**What is needed**: From the line containing "Camisola de Bambú" to the end of the records, print every line exactly, both ends included, and leave out the pictures.

Dataset records:
####################
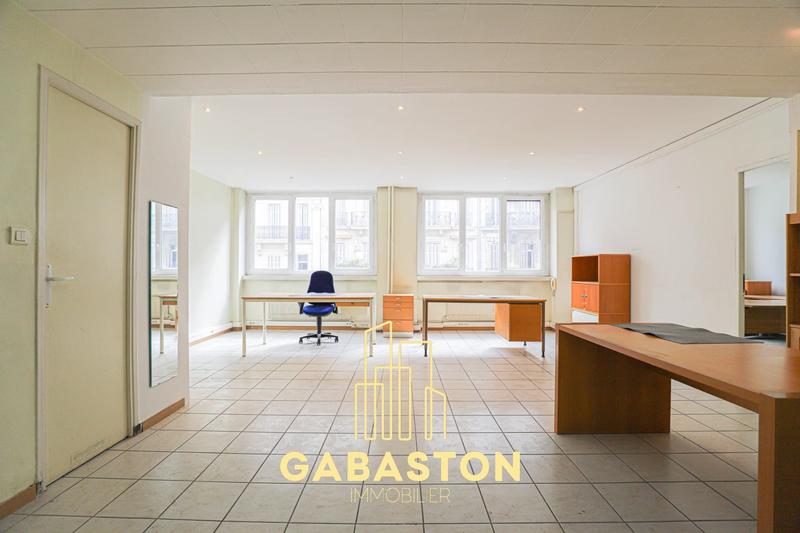 Bureau - 125 m² - 6 pièces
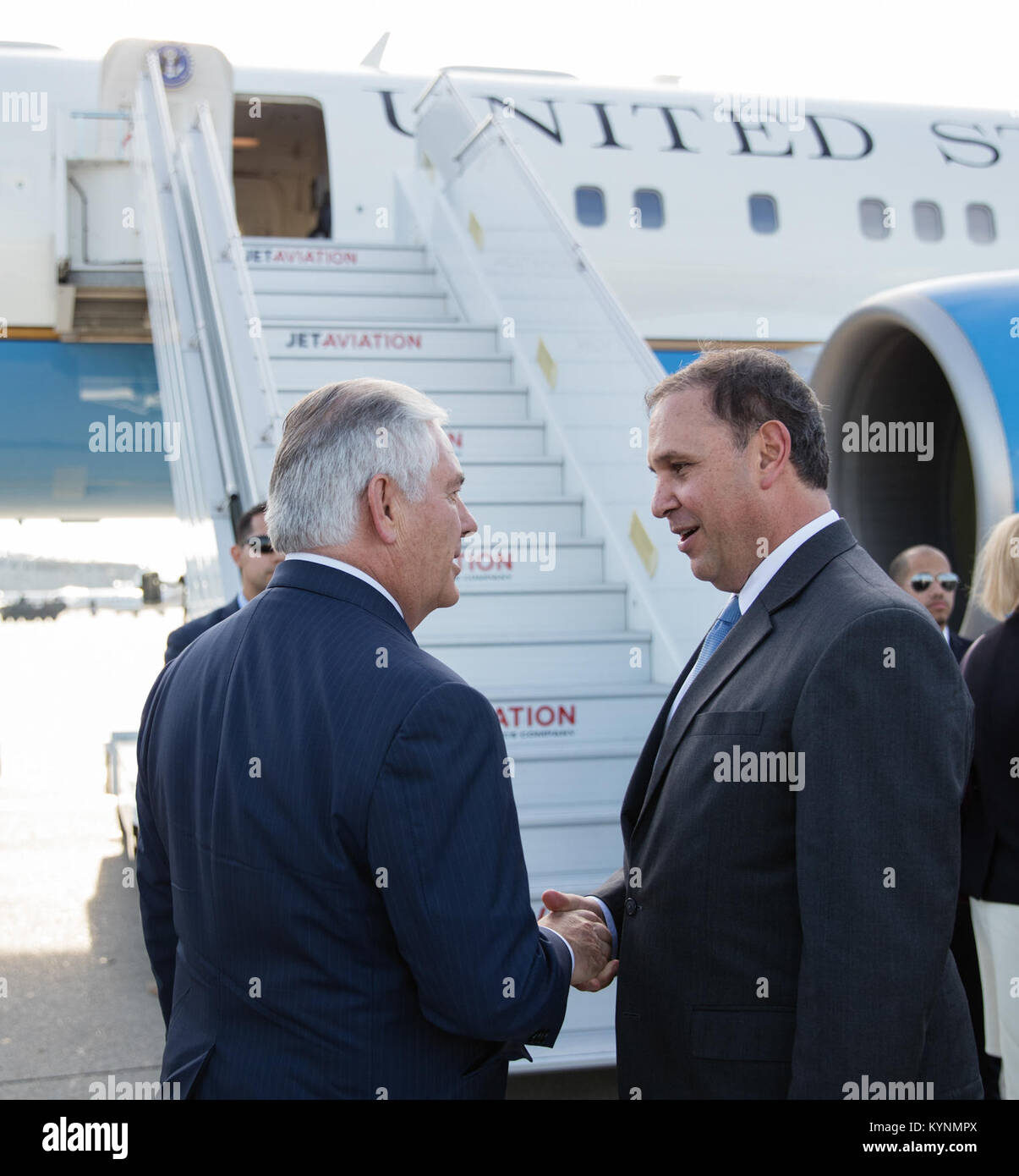 La secrétaire d'État des États-Unis, Rex Tillerson parle avec le Chargé d'affaires américain Theodore Allegra avant de quitter Genève, Suisse, le 26 octobre 2017. Banque D'Images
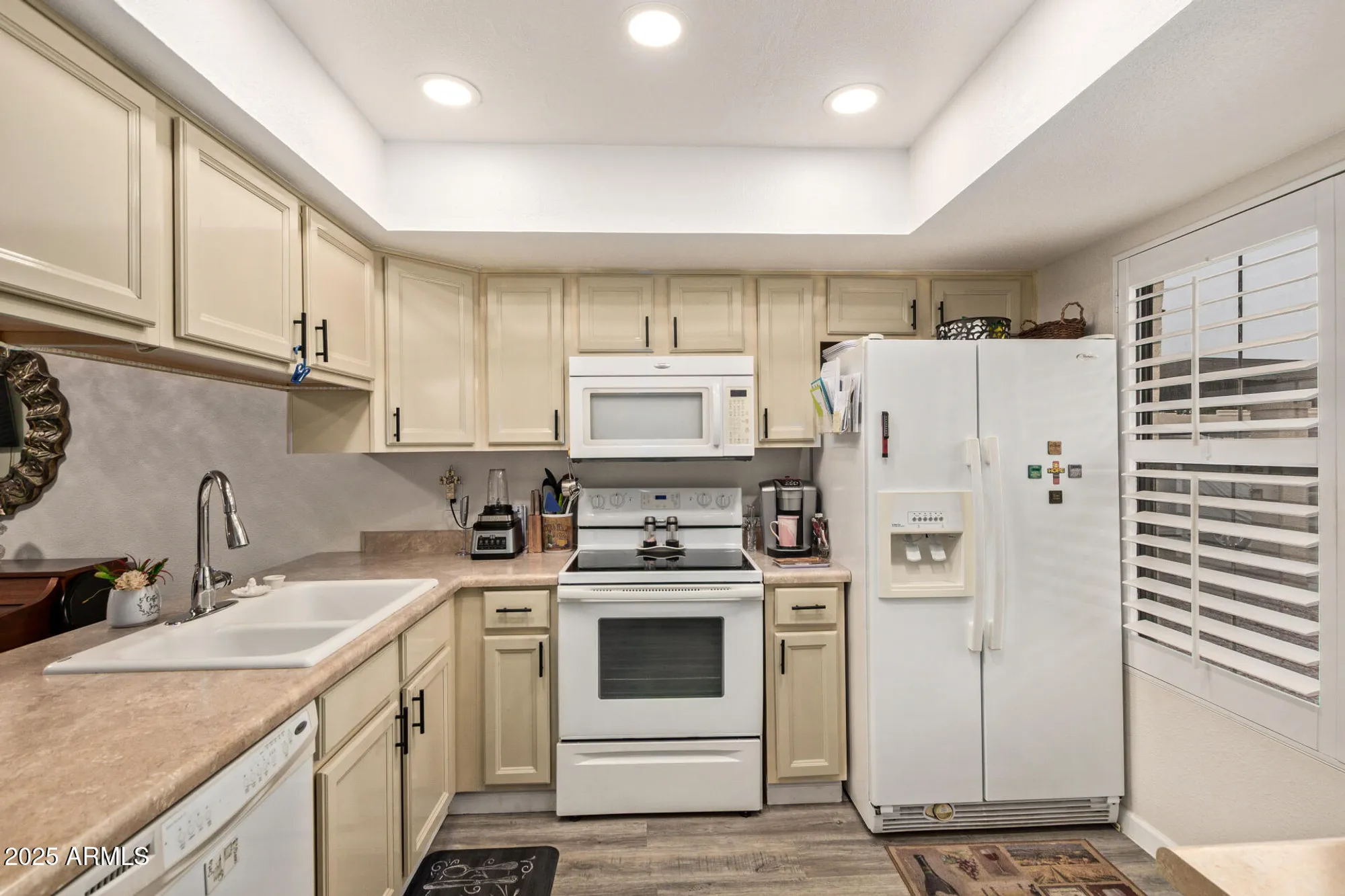 Property Slideshow image 9 of 24 | 7705 e mariposa way, Mesa, AZ, 85208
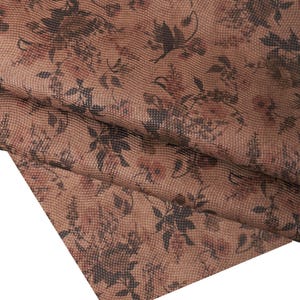 Pelle stampa FLOREALE marrone, grigio, capra lucida con motivo GEOMETRICO e disegno fiori, pellame morbido 0.7-0.9 mm B16550-ST La Garzarara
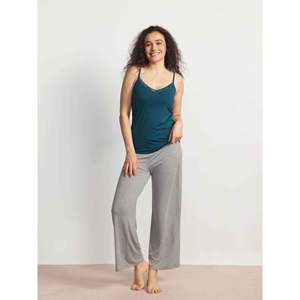 Camisola de Bambú Premium Personalizada para Mujer, con Cuello en V, Suave, con Botones, Estilo Lindo, Tejido Sostenible, Sin Mangas - Product Image 1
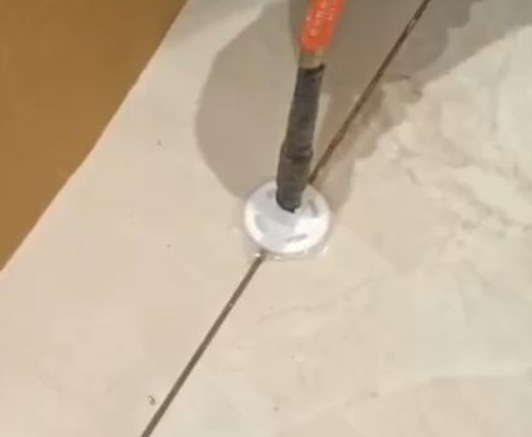 市中瓷砖空鼓维修公司专业解答瓷砖在铺贴过程中，如果没有涂抹均匀到位的粘结材料（如水泥砂浆或瓷砖胶），可能会导致以下问题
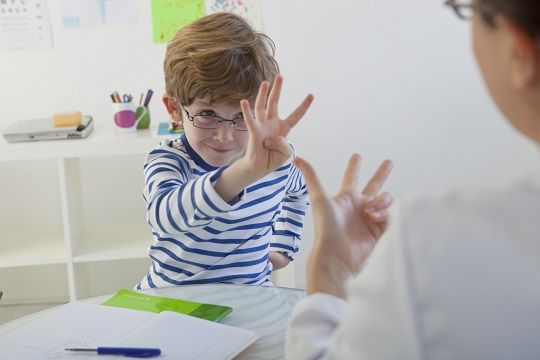 Треба допомога: на Львівщину евакуюють 130 дітей з затримкою розвитку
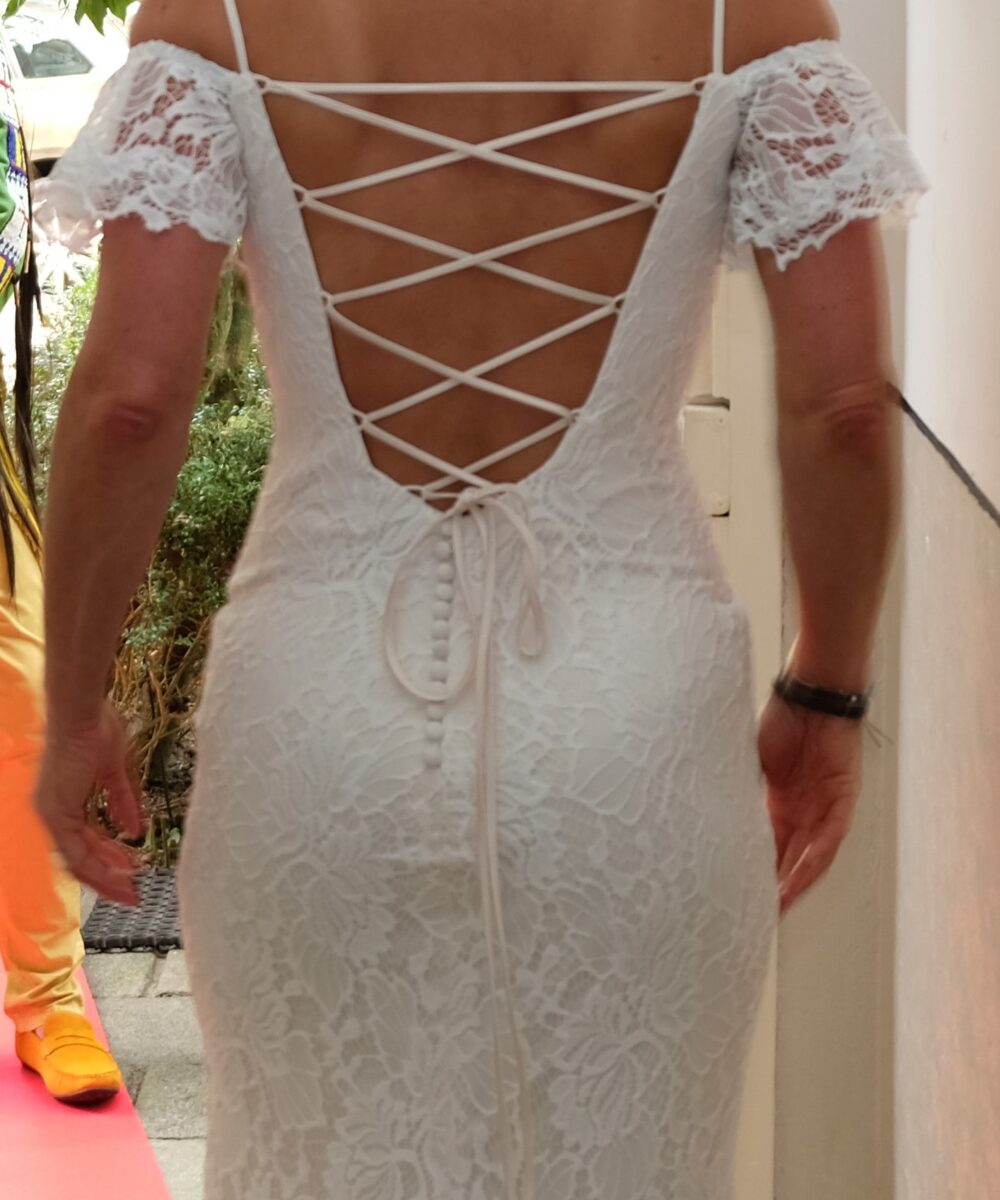 Trouwjurk (Lillian West)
####################
**Result of this task**:
 Camisola de Bambú Premium Personalizada para Mujer, con Cuello en V, Suave, con Botones, Estilo Lindo, Tejido Sostenible, Sin Mangas - Product Image 1
 市中瓷砖空鼓维修公司专业解答瓷砖在铺贴过程中，如果没有涂抹均匀到位的粘结材料（如水泥砂浆或瓷砖胶），可能会导致以下问题
 Треба допомога: на Львівщину евакуюють 130 дітей з затримкою розвитку
 Trouwjurk (Lillian West)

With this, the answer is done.